The AI race is accelerating rapidly. Following Meta's recent launch of its open-source Llama 3.1 as a strong competitor to leading closed-source models, French AI startup Mistral has entered the fray with its next-generation model, Mistral Large 2, featuring 123 billion parameters. However, it is essential to note that this model is licensed as "open" only for non-commercial research purposes, allowing third parties to fine-tune it, while commercial applications require a separate license as indicated in Mistral's official blog and a post by research scientist Devendra Singh Chaplot.
Although Mistral Large 2 has fewer parameters than Llama 3.1's 405 billion, it still offers comparable performance. Available on Mistral’s main platform and through cloud partners, this model enhances the original with advanced multilingual capabilities, improved reasoning, code generation, and mathematics tasks. It is recognized as a GPT-4 class model, closely matching the performance of GPT-4o, Llama 3.1-405, and Anthropic’s Claude 3.5 Sonnet across various benchmarks.
Mistral continues to innovate, emphasizing cost efficiency, speed, and performance, while introducing features like advanced function calling and retrieval for developing high-performing AI applications. This initiative is part of Mistral's broader strategy to remain competitive in the AI landscape, having secured substantial funding, released task-specific models, and formed partnerships with industry leaders.

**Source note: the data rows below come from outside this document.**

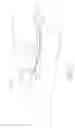 Fig. 03 - Endovenous laser treatment for varicose veins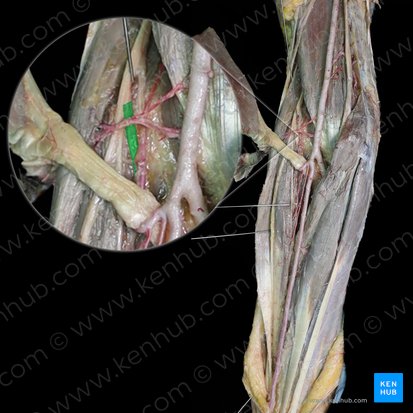 Rameau profond du nerf radial (Ramus profundus nervi radialis); Image : 
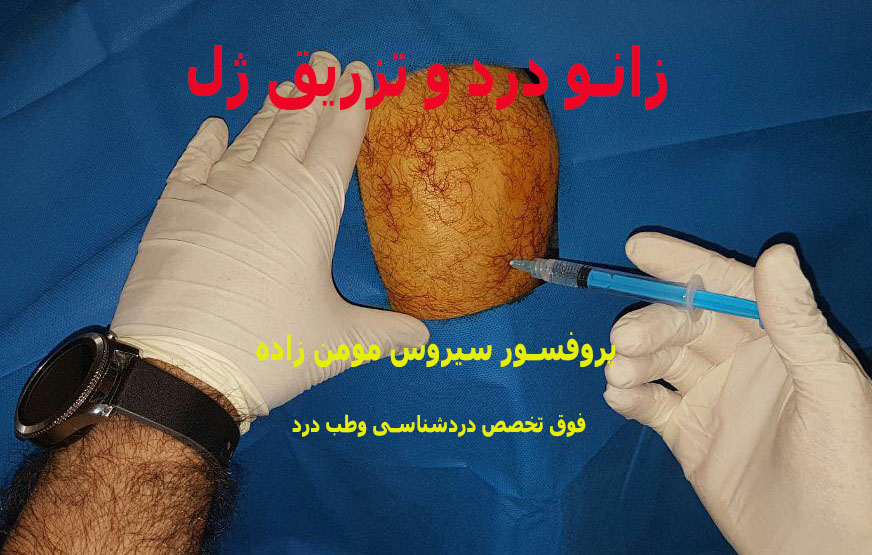 زانو درد و تزریق ژل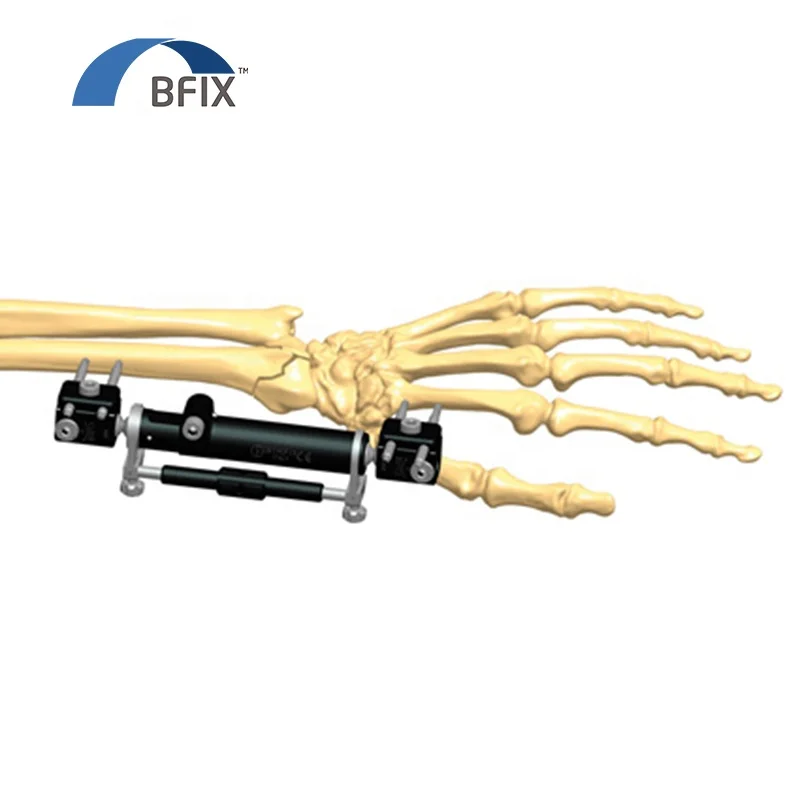 
Unstable, intra-articular distal radius fracture , Radiolucent wrist fixator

Mistral Large 2: What to Expect
In February, Mistral introduced its original Large model with a context window of 32,000 tokens, claiming a nuanced grasp of grammar and cultural context across multiple languages, including English, French, Spanish, German, and Italian. Building upon this, the new model features a significantly larger 128,000-token context window, matching the capabilities of OpenAI’s GPT-4o and Llama 3.1.
Mistral Large 2 now supports many new languages, including Portuguese, Arabic, Hindi, Russian, Chinese, Japanese, and Korean. The model excels in complex tasks, such as synthetic text generation and code generation, demonstrating enhanced reasoning capabilities.
High Performance on Benchmarks
In the Multilingual MMLU benchmark, Mistral Large 2 performed on par with Meta’s Llama 3.1-405B while delivering superior cost benefits due to its smaller size. The model is optimized for single-node inference, enabling high throughput with its 123 billion parameters, as noted in a company blog post.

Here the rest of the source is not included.